Güncelleme Tarihi:
Çağımızın hastalığı olan kanserle savaşta sağlıklı ve dengeli beslenme büyük rol oynuyor. Bu doğrultuda bazı besinler var ki vücudun bağışıklık sistemine katkılarıyla diğerlerinin arasından sıyrılıp bir değil birkaç adım öne çıkıyor.
The Telegraph’a konuşan uzmanlar da bu besinlere odaklandı. Mide, bağırsak, meme, prostat ve akciğer kanserine yakalanma riskini en aza indirmeye yardımcı olan 6 besine dikkat çekti. İşte o ürünler...
MEYVE VE SEBZELER (Günde en az beş porsiyon)
İspanya, İtalya ve Yunanistan gibi ülkelerdeki geleneksel beslenme kalıplarına dayanan bitki bazlı beslenme, günde en az beş porsiyon meyve ve sebzeyi içeriyor.

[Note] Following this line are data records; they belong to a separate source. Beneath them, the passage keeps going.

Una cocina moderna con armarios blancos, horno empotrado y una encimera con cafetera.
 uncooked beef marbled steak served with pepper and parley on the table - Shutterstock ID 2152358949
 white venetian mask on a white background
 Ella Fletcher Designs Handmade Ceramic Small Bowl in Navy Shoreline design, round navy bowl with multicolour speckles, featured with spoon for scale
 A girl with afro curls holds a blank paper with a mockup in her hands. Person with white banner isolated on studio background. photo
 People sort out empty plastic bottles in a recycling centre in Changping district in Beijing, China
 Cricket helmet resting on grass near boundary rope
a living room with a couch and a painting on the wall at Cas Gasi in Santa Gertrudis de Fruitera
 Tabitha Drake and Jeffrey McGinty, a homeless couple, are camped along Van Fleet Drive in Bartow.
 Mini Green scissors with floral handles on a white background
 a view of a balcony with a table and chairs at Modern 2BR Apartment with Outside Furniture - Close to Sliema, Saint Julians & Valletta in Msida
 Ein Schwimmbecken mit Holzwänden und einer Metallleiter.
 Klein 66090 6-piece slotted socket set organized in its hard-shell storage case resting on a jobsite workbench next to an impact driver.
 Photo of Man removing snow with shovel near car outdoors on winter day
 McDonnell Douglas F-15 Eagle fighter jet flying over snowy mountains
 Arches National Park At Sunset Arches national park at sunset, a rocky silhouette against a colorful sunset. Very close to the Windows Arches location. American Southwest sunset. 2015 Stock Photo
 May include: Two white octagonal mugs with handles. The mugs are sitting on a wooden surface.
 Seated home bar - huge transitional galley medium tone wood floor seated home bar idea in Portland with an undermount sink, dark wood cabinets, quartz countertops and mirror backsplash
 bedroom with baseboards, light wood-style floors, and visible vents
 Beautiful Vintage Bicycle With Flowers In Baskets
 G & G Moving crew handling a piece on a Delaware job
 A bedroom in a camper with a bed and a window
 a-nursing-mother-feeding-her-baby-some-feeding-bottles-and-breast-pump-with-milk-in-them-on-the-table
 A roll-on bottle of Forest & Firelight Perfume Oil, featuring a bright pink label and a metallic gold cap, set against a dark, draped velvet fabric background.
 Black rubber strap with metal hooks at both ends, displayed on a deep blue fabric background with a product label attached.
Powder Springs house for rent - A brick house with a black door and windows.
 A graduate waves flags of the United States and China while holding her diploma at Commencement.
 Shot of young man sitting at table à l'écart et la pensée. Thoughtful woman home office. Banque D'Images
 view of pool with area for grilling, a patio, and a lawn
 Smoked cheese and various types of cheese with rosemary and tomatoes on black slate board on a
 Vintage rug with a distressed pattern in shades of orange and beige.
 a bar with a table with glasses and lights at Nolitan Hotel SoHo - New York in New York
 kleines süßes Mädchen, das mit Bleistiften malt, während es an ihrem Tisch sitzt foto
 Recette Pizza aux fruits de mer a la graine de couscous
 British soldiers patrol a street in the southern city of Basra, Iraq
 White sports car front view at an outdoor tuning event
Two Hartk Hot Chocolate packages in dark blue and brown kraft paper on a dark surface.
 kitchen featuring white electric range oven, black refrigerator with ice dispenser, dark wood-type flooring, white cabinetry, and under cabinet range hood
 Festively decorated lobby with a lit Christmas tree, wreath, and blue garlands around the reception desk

Newcastle Üniversitesi’nde beslenme alanında araştırmacı olan Dr. Fiona Malcomson ise bunun sağlıklı bir bağırsak mikrobiyomunun korunmasına yardımcı olduğunun ve bağırsak kanseri riskini azalttığının altını çiziyor.
Dr. Malcomson The Telegraph’a yaptığı açıklamada, “Meyve ve sebzelerle dolu sağlıklı bir beslenme aynı zamanda sağlıklı vücut ağırlığınızı korumamıza yardımcı olur. Bu durum kansere yakalanma riskinizi de ciddi oranda azaltır. Kahvaltıda çilek ve muz gibi meyvelerin yulafla birleştirilmesi çok önemli” ifadelerini kullandı.
Newcastle Üniversitesi'nde beslenme alanında öğretim görevlisi olan Dr. Oliver Shannon, “Baklagiller, yemeklere lif ve protein sağlayan besleyici ve çok yönlü bir seçenek. Birçok akşam yemeği tarifine kolaylıkla dahil edilebilirler. Örneğin, kıymanın yarısını mercimekle değiştirebilirsiniz. Fasulye ve nohutu tek başına yapacağınız gibi birçok yemekle de kullanabilirsiniz. Bunları atıştırmalık olarak da yiyebilirsiniz. Örneğin çıtır ve kavrulmuş nohut oldukça besleyici ve kanser karşıtı bir ürün” ifadelerini kullandı.
Uzmanlar badem, çam fıstığı ve Antep fıstığı gibi kuruyemişleri haftada üç kez, bir avuç olacak şekilde tüketilmesi gerektiği konusunda uyarıyor.
Çünkü bu kuruyemişler antioksidanlar bakımından zenginler. Pek çok araştırma, bu ürünlerin oksidatif stresi ve DNA hasarını azaltarak kanser riskini en aza indirdiğini gösteriyor.
Dr. Fiona Malcomson, “Kuruyemişler, Akdeniz gıdalarının alımını artırmak için harika bir fırsat sağlıyor. Örneğin bir paket cips almak yerine badem ve ceviz gibi bir avuç tuzsuz kuruyemiş tüketmeniz sizi kansere karşı oldukça koruyucu bir hale getirecek” dedi.
Balığın omega 3 yağ asitleri açısından zengin bir kaynak olduğu artık herkes tarafından biliniyor. Omega 3 yağ asitlerinin ise tümör oluşumunu geciktirdiği ile ilgili pek çalışma mevcut. Özellikle sardalya, uskumru, somon, kalkan ve ton balığı omega 3 açısından en zengin balıklar.
Dr. Fiona Malcomson, “İngiltere’de çoğu kişinin balık tüketimi düşük. Halbuki haftada en az üç porsiyon balık tüketimi çok gerekli. Çünkü balığın, iltihaplanma ve hücre büyümesi gibi kanserle ilişkili biyolojik yollar üzerinde yararlı etkileri var. En etkili balık ise somon… Konserve ton balığı gibi seçenekler de çok faydalı. Özellikle kırmızı ve işlenmiş etlerin yerine bu ürünü deneyebilirsiniz” ifadelerini kullandı.
Zeytinyağında bulunan alfa linolenik asitlerin düzenli kullanıldığı takdirde bazı kanser türlerine karşı korunma sağladığı biliniyor.
Ayrıca uzmanlar her fırsatta zeytinyağını A, D, E ve K vitaminleri yönünden zengin ve kanserle ilişkilendirilen serbest radikallere karşı savaşan iyi bir kaynak olduğunu dile getiriyor.